Die Koalition hat die Entscheidung über das umstrittene Gesundheits-Sparpaket verschoben. Die Linke will es hingegen komplett streichen. / © Imago/Achille Abboud
Beim umkämpften Sparpaket für stabile Krankenkassenbeiträge steigt der Druck für eine Einigung – und die schwarz-rote Koalition verschafft sich dafür noch etwas mehr Zeit. Der Gesetzentwurf mit Milliarden-Einschnitten soll nicht schon in der nächsten Woche im Bundestag zur Abstimmung kommen, sondern erst in der letzten Sitzungswoche vor der Sommerpause, also bis zum 10. Juli. An diesem Montag steht zunächst eine Mammutanhörung mit mehr als 80 Verbänden an.
Das Paket soll die gesetzlichen Krankenkassen 2027 von stark steigenden Ausgaben entlasten, um erneute Beitragserhöhungen zu verhindern. Dafür sollen Vergütungsanstiege bei Praxen, Kliniken und Pharmabranche begrenzt werden. Auf Patienten kommen etwa höhere Zuzahlungen für Medikamente und Einschränkungen der kostenlosen Mitversicherung von Ehepartnern zu. Für die Apotheken wird ein höherer Kassenabschlag verhandelt.

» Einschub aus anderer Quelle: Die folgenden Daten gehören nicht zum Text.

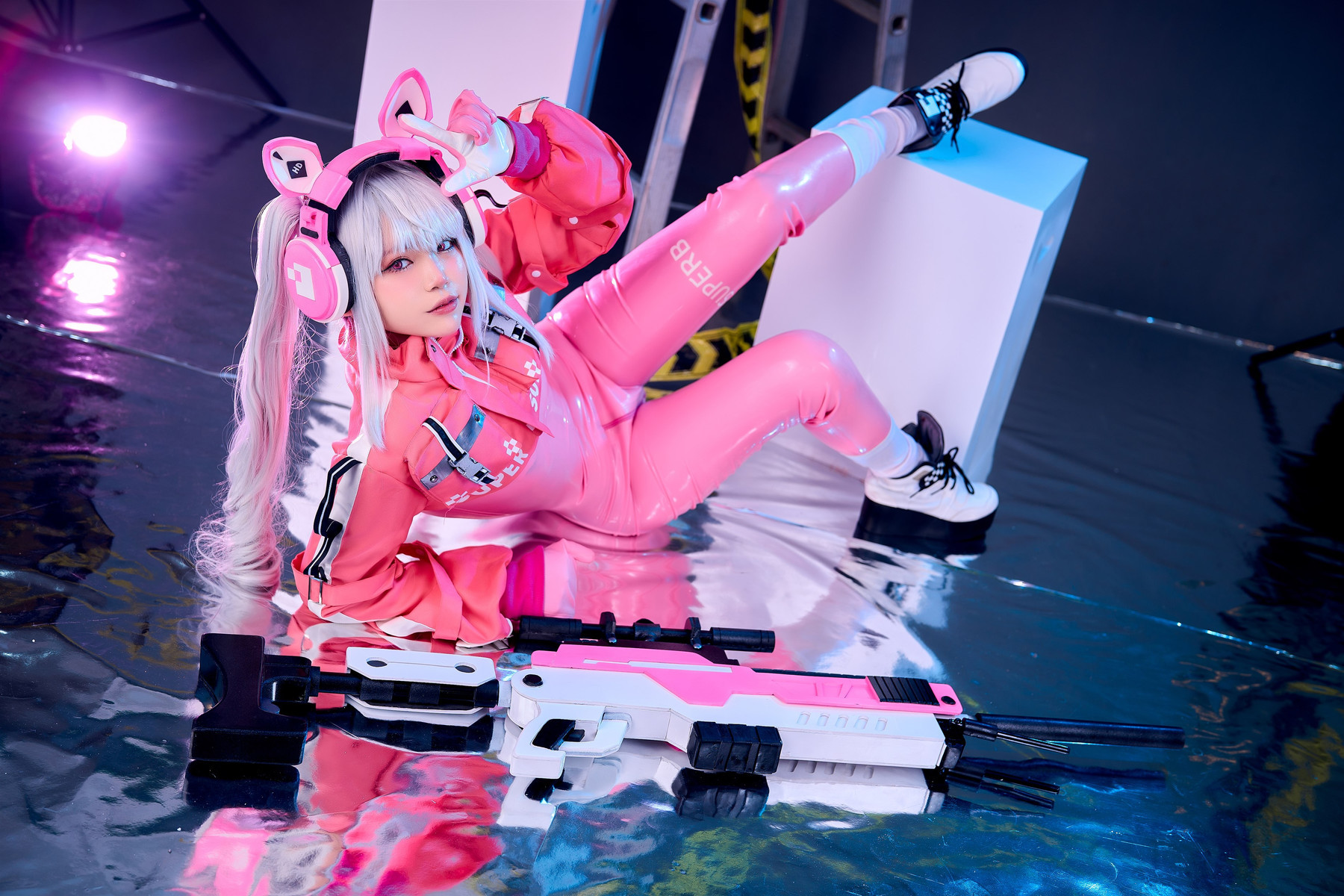 Cosplay ZinieQ Alice Nikke 17
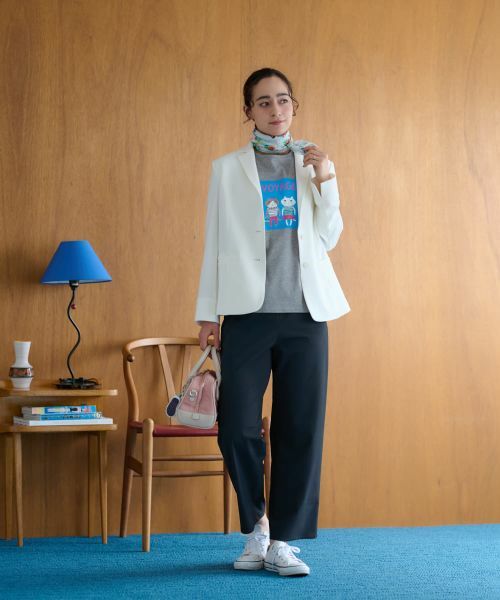 CARA O CRUZ / キャラ・オ・クルス テーラードジャケット | ブレザー【CoC by CARA O CRUZ】 | 詳細15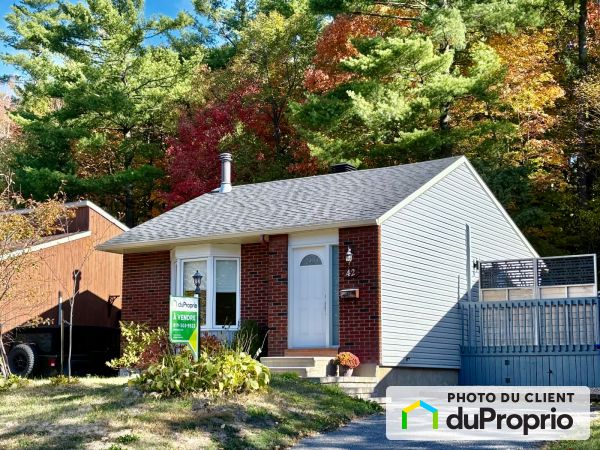 Propriété vendue à Gatineau (Gatineau)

Nach einem rasanteren Anstieg der Kassenausgaben zu Jahresbeginn hat Gesundheitsministerin Nina Warken (CDU) das nötige Sparziel angehoben. Für 2027 abgedeckt werden muss nun eine Lücke von 18,8 Milliarden Euro. Dazu müssen Union und SPD jetzt noch mindestens 2,5 Milliarden Euro mehr herausholen, als der vom Kabinett auf den Weg gebrachte Entwurf vorsieht.
Die Verschiebung löste Kritik und neue Forderungen aus. Der Linke-Fachpolitiker Ates Gürpinar sprach von einem Eingeständnis, dass die Regierung mit ihrem Gesetz mit dem Rücken zur Wand stehe. Dieses »Kürzungspaket« dürfe nicht beschlossen werden.
Auch Heidi Reichinnek, die Vorsitzende der Linken-Fraktion, hat sich dazu geäußert: »Es ist ein großer Erfolg der breit getragenen und vielfältigen Proteste, dass Ministerin Warken ihre geplante Kahlschlagreform nicht im Eiltempo durch den Bundestag jagen kann.« Tatsächlich gab es in den vergangenen Wochen Proteste vonseiten der Ärzteschaft, der Psychotherapeuten sowie der Pflegerinnen und Pfleger. Die Partei will die Proteste weiterhin unterstützen, »damit dieses miese Gesetz auf Kosten der Mehrheit nicht nur kurzfristig vom Tisch ist, sondern niemals kommt«, so Reichinnek.
Auch die Pharmabranche wehrt sich gegen die neuen Maßnahmen. So hat der Verband Pharma Deutschland verfassungsrechtliche Bedenken gegen die Sparpläne geäußert, während die Branche seit Längerem vor einer »Vertreibung« der Pharmaindustrie aus Deutschland warnt.